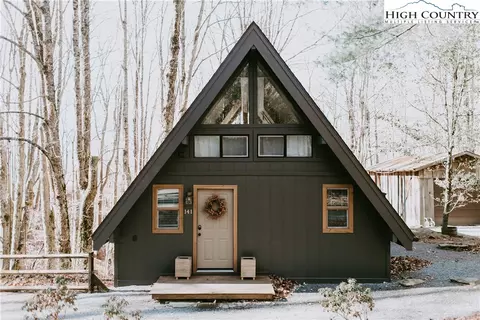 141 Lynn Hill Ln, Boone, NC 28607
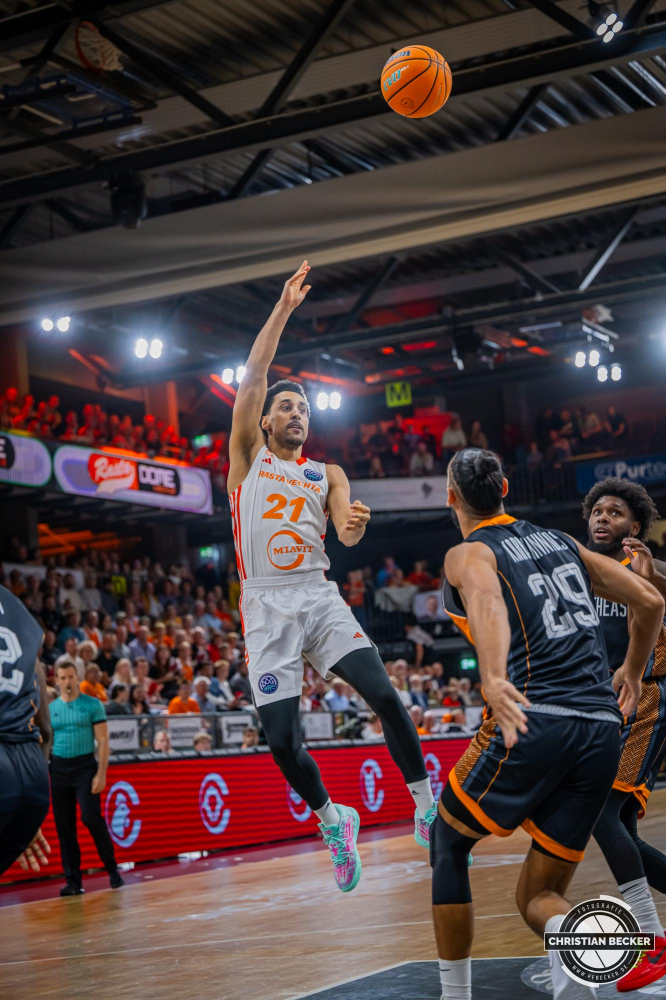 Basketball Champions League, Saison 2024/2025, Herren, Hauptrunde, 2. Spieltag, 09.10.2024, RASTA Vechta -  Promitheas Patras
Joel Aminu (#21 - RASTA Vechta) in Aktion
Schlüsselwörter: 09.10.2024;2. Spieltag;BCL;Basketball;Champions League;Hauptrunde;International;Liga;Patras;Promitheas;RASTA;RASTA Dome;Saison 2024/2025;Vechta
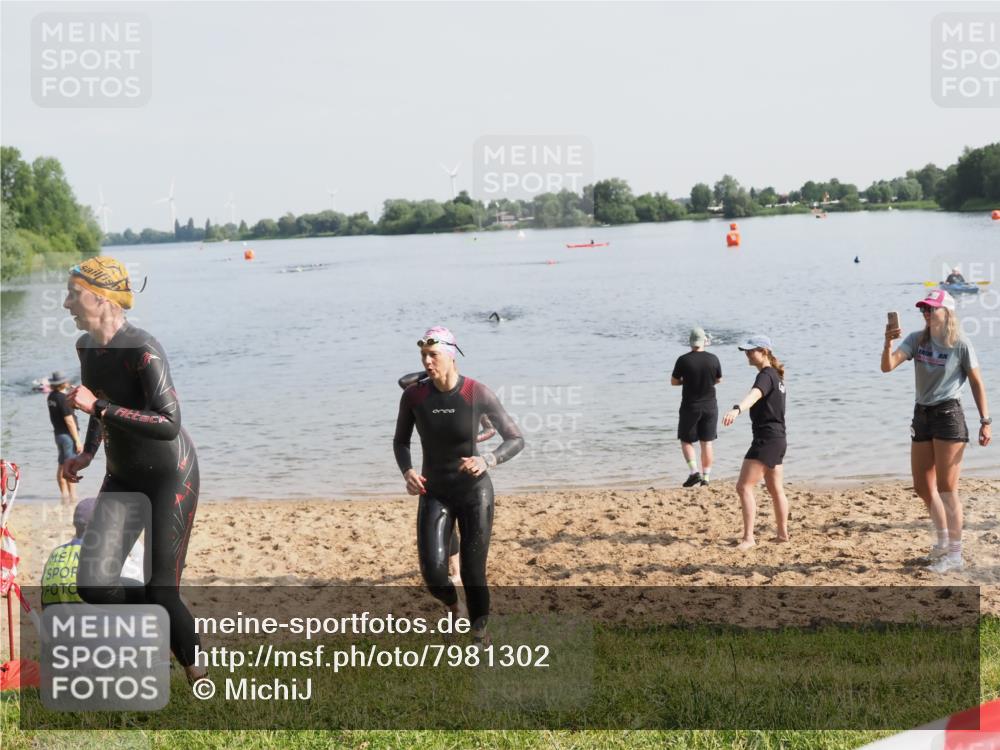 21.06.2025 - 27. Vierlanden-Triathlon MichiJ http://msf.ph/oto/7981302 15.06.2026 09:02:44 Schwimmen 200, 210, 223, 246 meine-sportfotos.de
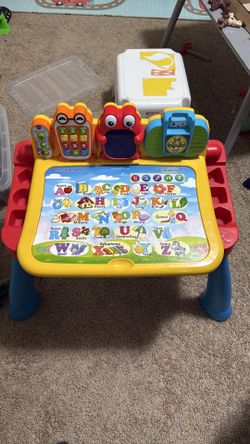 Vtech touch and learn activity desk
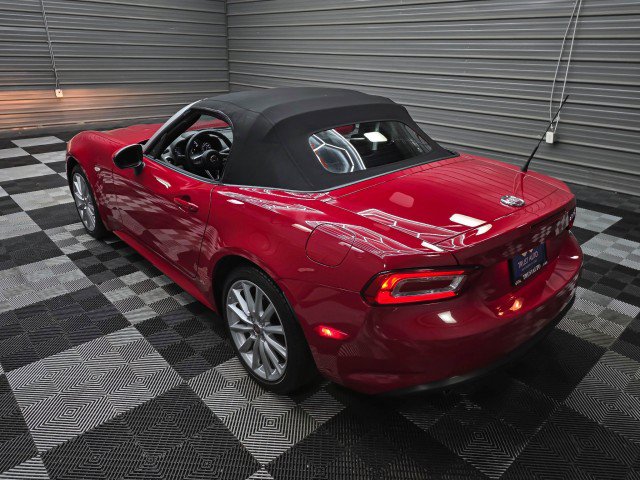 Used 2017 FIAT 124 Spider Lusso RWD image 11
......
*What the task asks*.
Pictures do not belong in the copy. Please reproduce the entries above exactly otherwise.

*Output of the task*.
 141 Lynn Hill Ln, Boone, NC 28607
 Basketball Champions League, Saison 2024/2025, Herren, Hauptrunde, 2. Spieltag, 09.10.2024, RASTA Vechta -  Promitheas Patras
Joel Aminu (#21 - RASTA Vechta) in Aktion
Schlüsselwörter: 09.10.2024;2. Spieltag;BCL;Basketball;Champions League;Hauptrunde;International;Liga;Patras;Promitheas;RASTA;RASTA Dome;Saison 2024/2025;Vechta
 21.06.2025 - 27. Vierlanden-Triathlon MichiJ http://msf.ph/oto/7981302 15.06.2026 09:02:44 Schwimmen 200, 210, 223, 246 meine-sportfotos.de
 Vtech touch and learn activity desk
 Used 2017 FIAT 124 Spider Lusso RWD image 11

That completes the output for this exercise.